Mas o plano de Annapolis não levava em consideração a instabilidade do governo israelense e as profundas divisões internas do movimento palestino. Em junho do ano passado, o governo do primeiro-ministro Ehud Olmert, enfraquecido por uma onda de escândalos, ficou sem condições de negociar com os palestinos concessões que os partidos radicais de oposição consideravam inaceitáveis. Preferiu congelar as conversações de paz a ser derrubado por um voto de desconfiança do Knesset.

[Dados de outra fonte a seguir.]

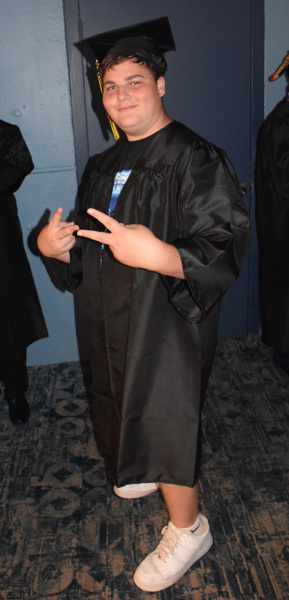 graduate in black cap and gown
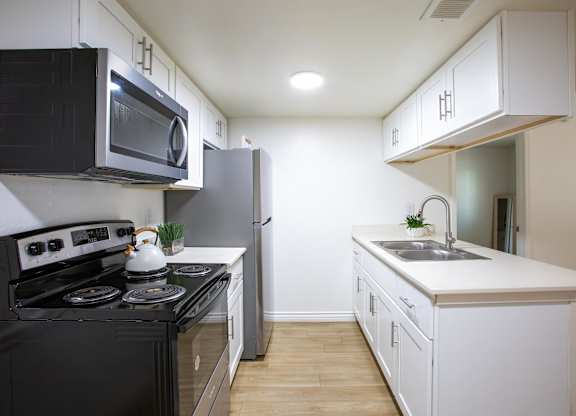 A kitchen with black and white appliances and wooden floors.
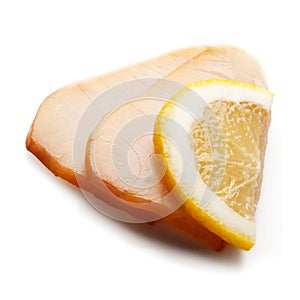 Composition with salmon, lemon slice and salad leaf
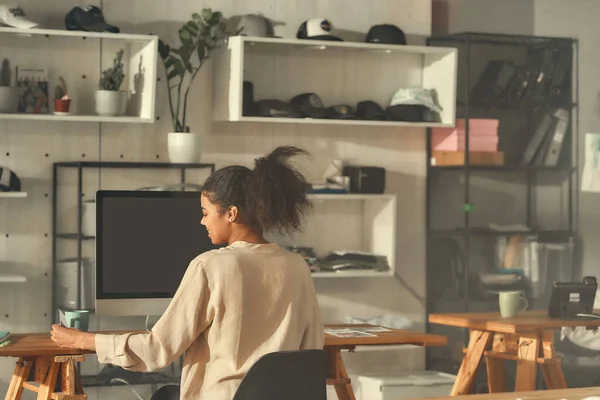 Custom graphic design. Portrait of female worker looking at notes while drawing sketches logo design using pc. Young woman working at custom T-shirt, clothing printing company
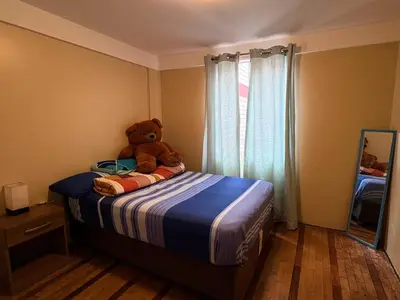 a teddy bear sitting on a bed in a bedroom at Departamento cerca al boulevard in Lima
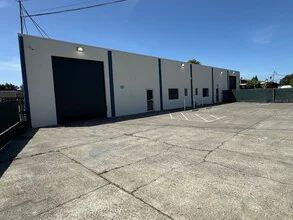 Exterior view of a commercial building with a large loading door and parking lot on a sunny day.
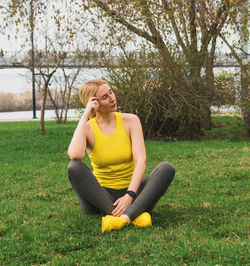 Portrait of young woman exercising on field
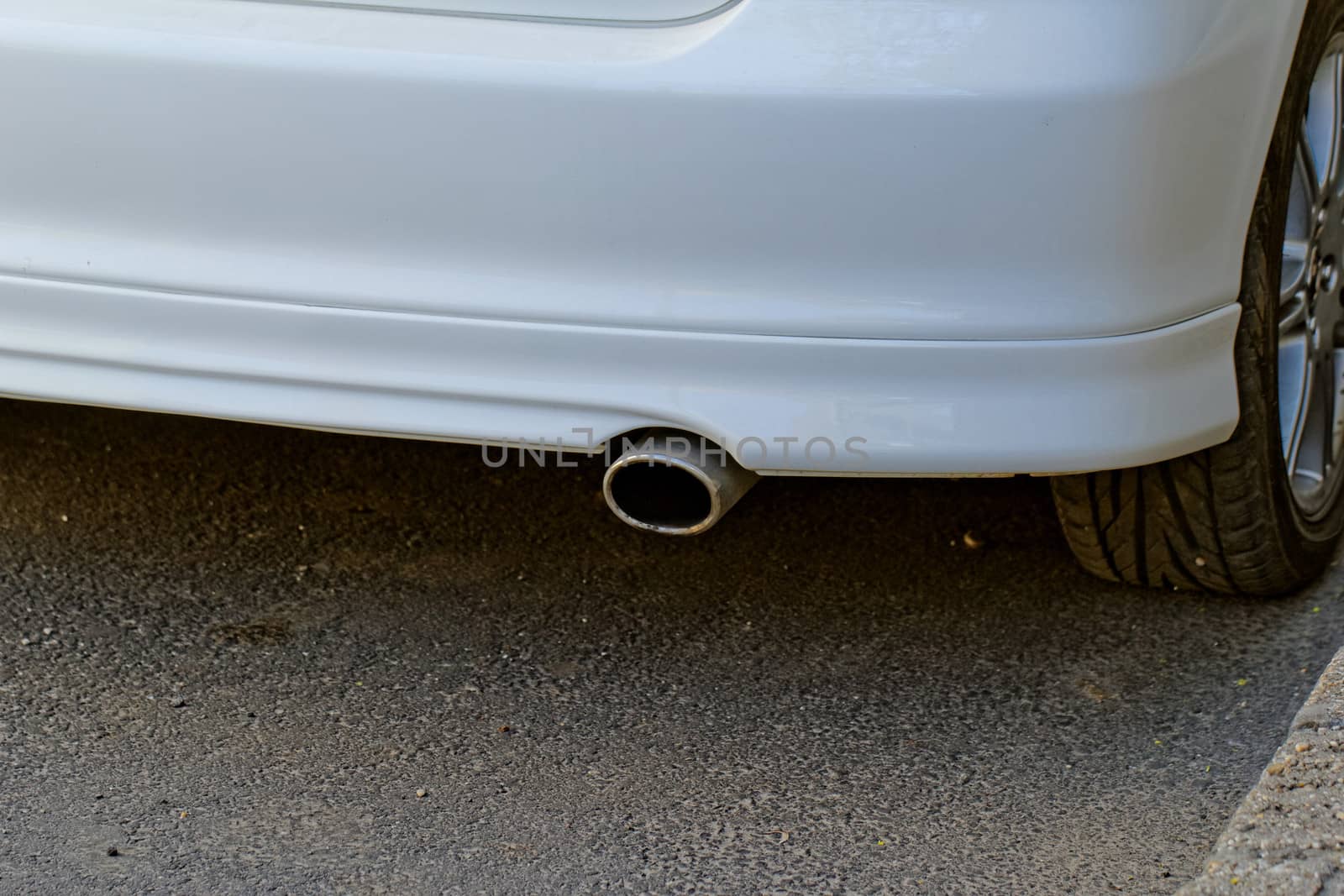 exhaust of white car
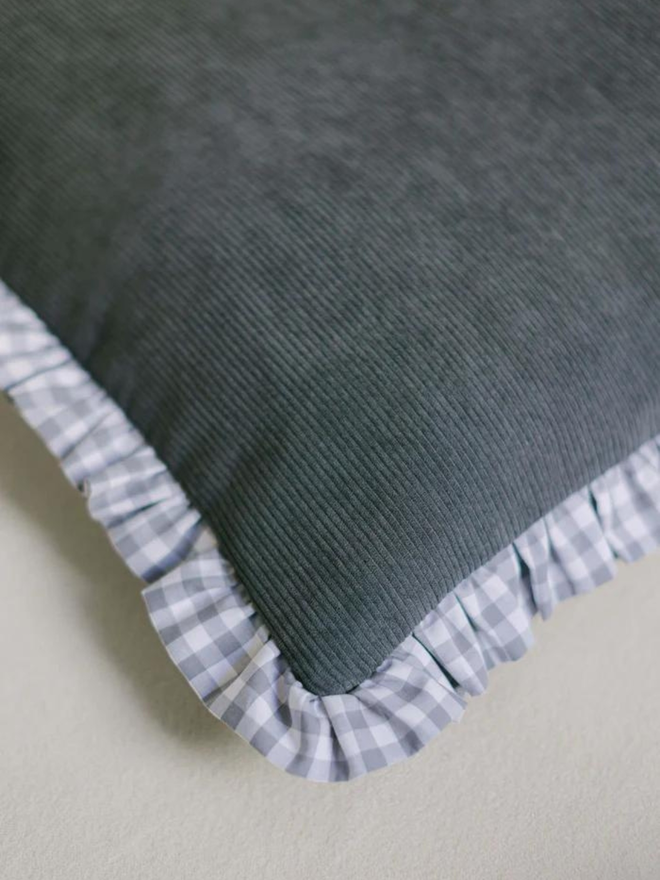 grey corduroy and gingham dog bed corner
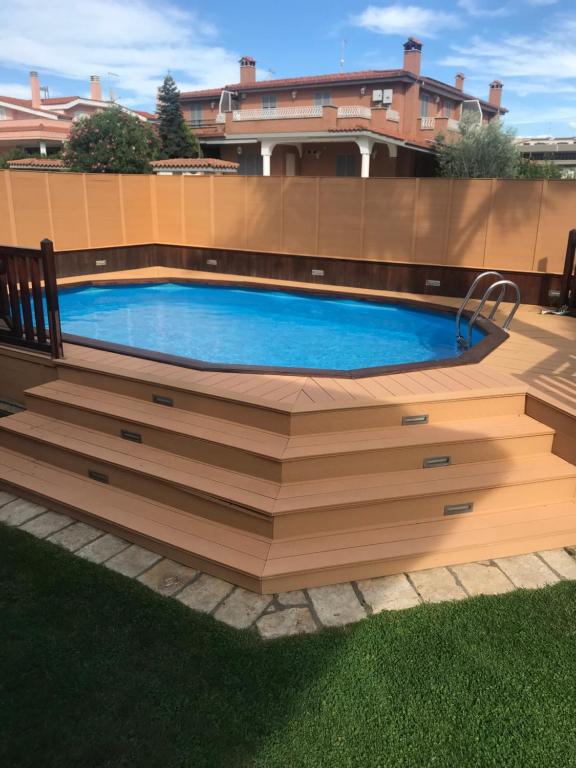a swimming pool with a wooden deck around it at VILLA NEVADA Esclusiva con PISCINA Privata, Il Tuo Angolo di Pace a 5 Minuti dal MARE e 20 Minuti da ROMA in Ladispoli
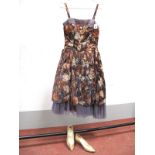 A 1950's Cocktail Dress by Alma Leigh, in brown floral lamé fabric over layers of contrasting net,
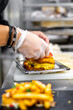 © pavel siamionov - A skilled chef’s hands meticulously assemble a gourmet burger, layering ingredients for optimal taste. Fries await plating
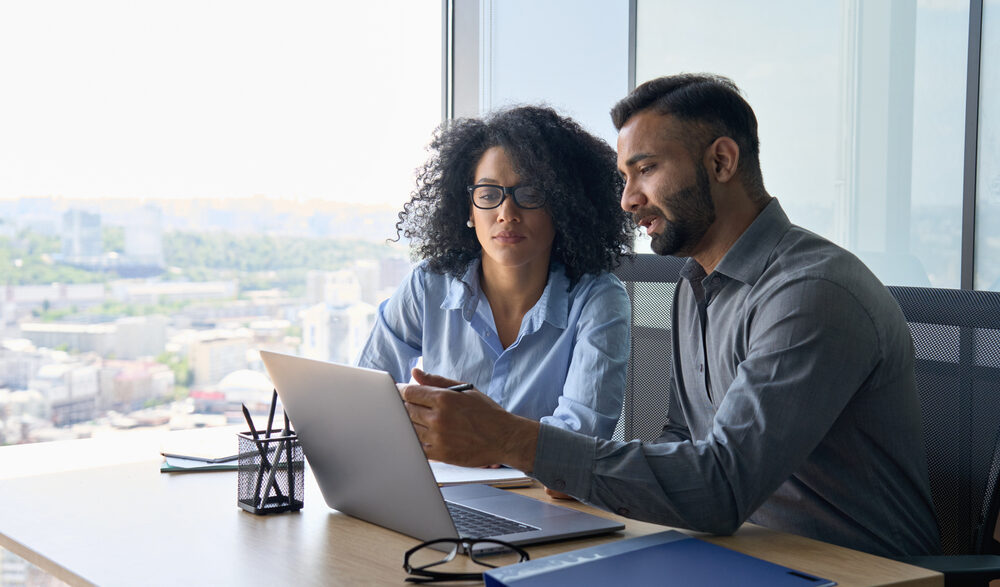 Two sales people working together on AI audio ads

A Autoridade Palestina, por sua vez, foi enfraquecida pela disputa interna que culminou com o Hamas expulsando o Fatah da Faixa de Gaza, o que obrigou Mahmoud Abbas a transferir a sede do governo palestino para a Cisjordânia. Ao contrário do Fatah, que negocia diretamente com Israel, o Hamas jamais aceitou as premissas básicas do plano de Annapolis - o reconhecimento do Estado de Israel e a renúncia ao uso da violência.

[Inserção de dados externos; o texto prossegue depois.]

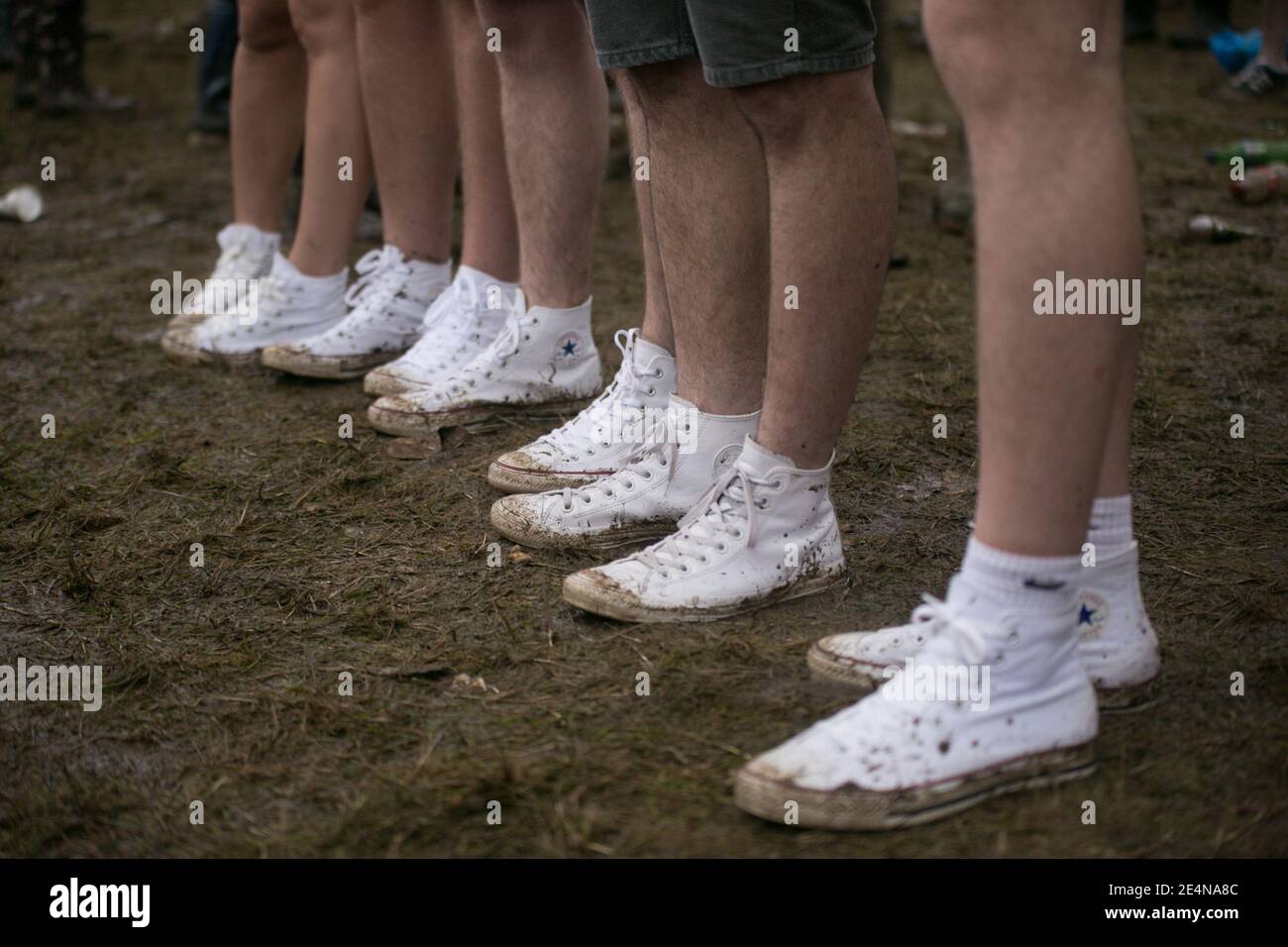 Male Festival Goers standing in the mud wearing new white canvas converse  all star trainers at V Festival Stock Photo - Alamy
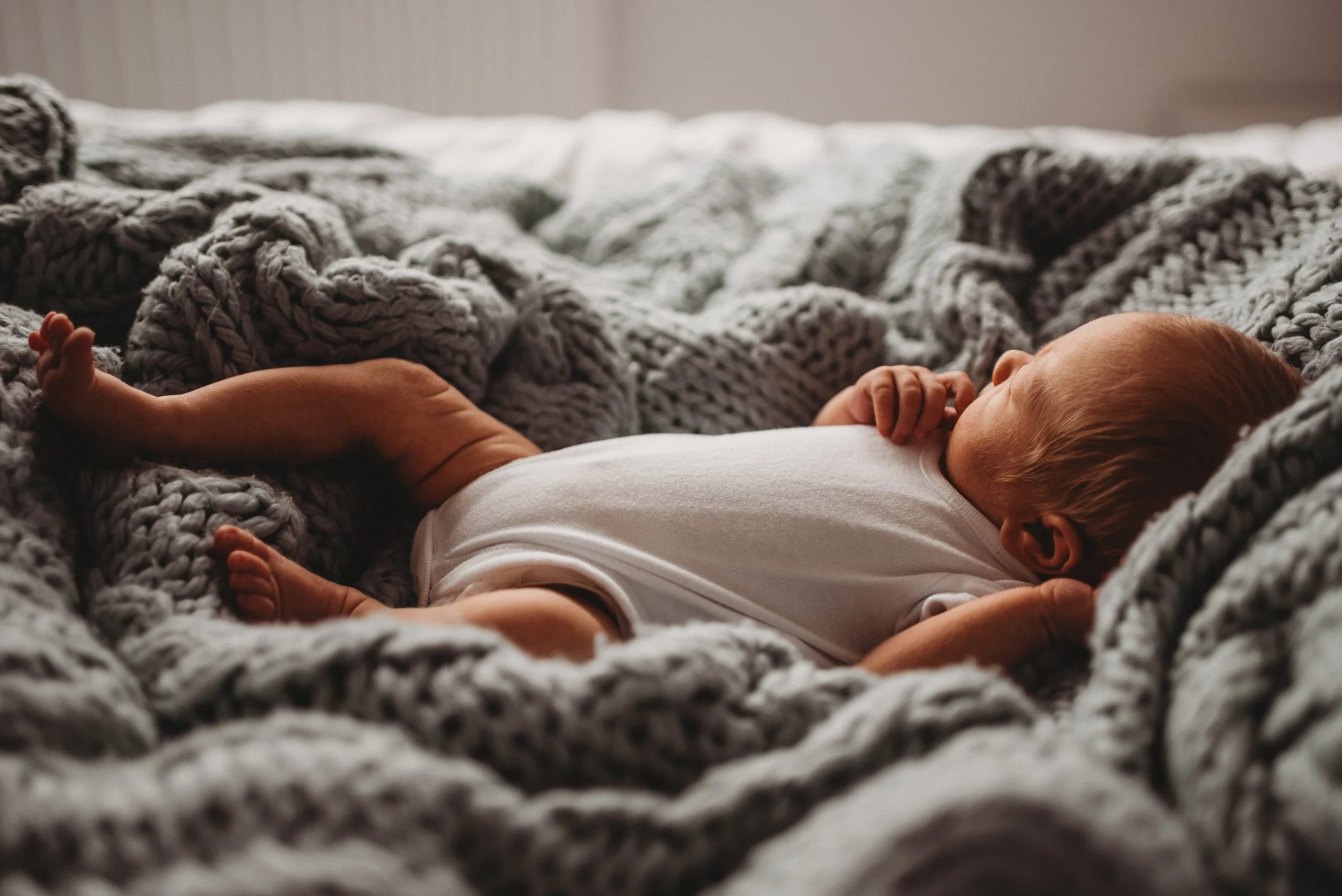 Lifestyle newborn photography of a  sleeping baby lying on a bed surrounded by large, soft, chunky gray knitted blankets.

Com as conversações em ponto morto, Israel e Egito fecharam as fronteiras da Faixa de Gaza e o Hamas ficou isolado. Em novembro do ano passado, o governo egípcio tentou promover a união dos movimentos palestinos. Mas, no último momento, o Hamas se recusou a ir ao Cairo, o que aumentou o isolamento do movimento terrorista entre os próprios países árabes, que apoiavam a iniciativa egípcia.
Com o fechamento das fronteiras, as condições de vida de cerca de 1,5 milhão de palestinos que vivem na Faixa de Gaza se deterioraram ainda mais, e isso se refletiu no apoio popular ao Hamas. Uma pesquisa feita em novembro passado mostrou que apenas 16% dos palestinos apoiavam o Hamas, enquanto cerca de 40% apoiavam o Fatah. O problema é que o apoio popular ao governo da Autoridade Palestina também é pequeno. Apenas 20% da população da Cisjordânia apoia a administração de Mahmoud Abbas, considerada frágil tanto por não ter conseguido manter a união do movimento palestino como por não ter avançado nas negociações com os israelenses.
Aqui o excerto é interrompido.